L’étude des installations franques en Palestine a trouvé, avec l’archéologie, un nouveau souffle. Des formes d’habitat, des exploitations agricoles et des industries inédites : les croisades ont changé le visage du Levant.

 

La croisade une colonisation comme les autres - l'histoire n°435
La croisade une colonisation comme les autres – l’histoire n°435

Après la création des États latins d’Orient, le pouvoir et les institutions qui se mettent en place, comme le roi de Jérusalem, cherchent à assurer la pérennité de la présence franque. Ils tentent d’attirer massivement des chrétiens latins, en proposant des statuts juridiques et un régime foncier attractifs. Si la dimension coloniale du royaume et plus largement des croisades, portée par la majorité des historiens dans les années 1950-1960, a été critiquée et débattue (cf. Benjamin Kedar, p. 34), les modalités et les conséquences de l’établissement en Orient d’une population exogène sont des questions aujourd’hui largement renouvelées par l’archéologie.
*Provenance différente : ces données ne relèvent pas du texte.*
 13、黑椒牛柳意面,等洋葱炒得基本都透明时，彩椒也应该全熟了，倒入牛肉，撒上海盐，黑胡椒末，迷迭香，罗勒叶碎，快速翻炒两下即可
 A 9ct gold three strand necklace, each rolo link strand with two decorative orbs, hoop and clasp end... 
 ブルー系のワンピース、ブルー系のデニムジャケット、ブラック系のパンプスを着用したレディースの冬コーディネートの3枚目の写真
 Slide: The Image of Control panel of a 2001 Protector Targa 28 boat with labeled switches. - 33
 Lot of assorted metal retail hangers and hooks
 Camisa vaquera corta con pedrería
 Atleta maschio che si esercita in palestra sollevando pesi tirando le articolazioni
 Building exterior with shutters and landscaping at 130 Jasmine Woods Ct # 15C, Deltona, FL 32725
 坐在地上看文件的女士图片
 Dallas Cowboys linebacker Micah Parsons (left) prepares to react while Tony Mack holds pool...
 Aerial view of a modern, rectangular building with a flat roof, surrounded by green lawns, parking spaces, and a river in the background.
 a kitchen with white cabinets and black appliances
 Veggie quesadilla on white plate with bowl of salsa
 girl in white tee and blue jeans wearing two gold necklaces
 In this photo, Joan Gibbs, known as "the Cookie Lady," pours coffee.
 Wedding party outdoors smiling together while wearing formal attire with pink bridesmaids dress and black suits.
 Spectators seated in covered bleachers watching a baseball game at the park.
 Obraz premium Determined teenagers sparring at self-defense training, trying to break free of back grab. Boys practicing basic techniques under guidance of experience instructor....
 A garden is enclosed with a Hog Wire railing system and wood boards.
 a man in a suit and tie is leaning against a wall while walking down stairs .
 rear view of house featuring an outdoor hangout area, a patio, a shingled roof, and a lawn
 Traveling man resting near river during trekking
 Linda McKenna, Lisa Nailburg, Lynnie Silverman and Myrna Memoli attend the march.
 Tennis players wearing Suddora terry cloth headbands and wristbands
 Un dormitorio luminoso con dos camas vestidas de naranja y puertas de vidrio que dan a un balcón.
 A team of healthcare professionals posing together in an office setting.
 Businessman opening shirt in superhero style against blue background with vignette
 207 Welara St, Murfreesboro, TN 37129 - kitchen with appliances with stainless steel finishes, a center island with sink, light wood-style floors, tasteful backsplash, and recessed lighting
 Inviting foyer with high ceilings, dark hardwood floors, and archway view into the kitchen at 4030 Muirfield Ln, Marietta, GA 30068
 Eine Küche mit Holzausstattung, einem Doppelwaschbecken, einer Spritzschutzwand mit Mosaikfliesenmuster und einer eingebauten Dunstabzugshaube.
L’impact du régime franc sur les campagnes a ainsi été profondément reconsidéré. Le XIIe siècle voit une augmentation sensible du nombre de sites ruraux occupés dans l’ensemble du Levant, rompant ainsi avec la phase de déclin des deux siècles précédents. S’il reste difficile d’identifier avec certitude la population de ces villages, nouveaux ou repeuplés, plusieurs sites attestent d’une tentative de colonisation rurale franque.

Le premier de ces villages, Emmaus al-Qubeibeh, a été découvert et fouillé au cours de la Seconde Guerre mondiale par des franciscains italiens assignés à résidence sur les terres de l’ordre par les autorités mandataires britanniques. Le site se développe de part et d’autre d’une rue centrale, des maisons oblongues et mitoyennes attenantes à une église typiquement latine (par son plan et sa décoration) et à un bâtiment civique : la curia. L’intérieur des maisons est simple mais confortable, disposant de cheminées, d’éviers et d’un espace de cuisine. Un étage et un toit plat offrent le plus souvent un lieu de vie et de travail supplémentaire.

Une communauté bigarrée

Ce type d’habitat, le village-rue, n’est pas étranger à l’Occident médiéval, où il est fréquemment associé aux zones de grands défrichements. Il est une réponse pragmatique à la nécessité de fonder rapidement un centre de peuplement destiné à exploiter et mettre en valeur un territoire. Ce modèle est importé en Palestine au moins à partir des années 1150.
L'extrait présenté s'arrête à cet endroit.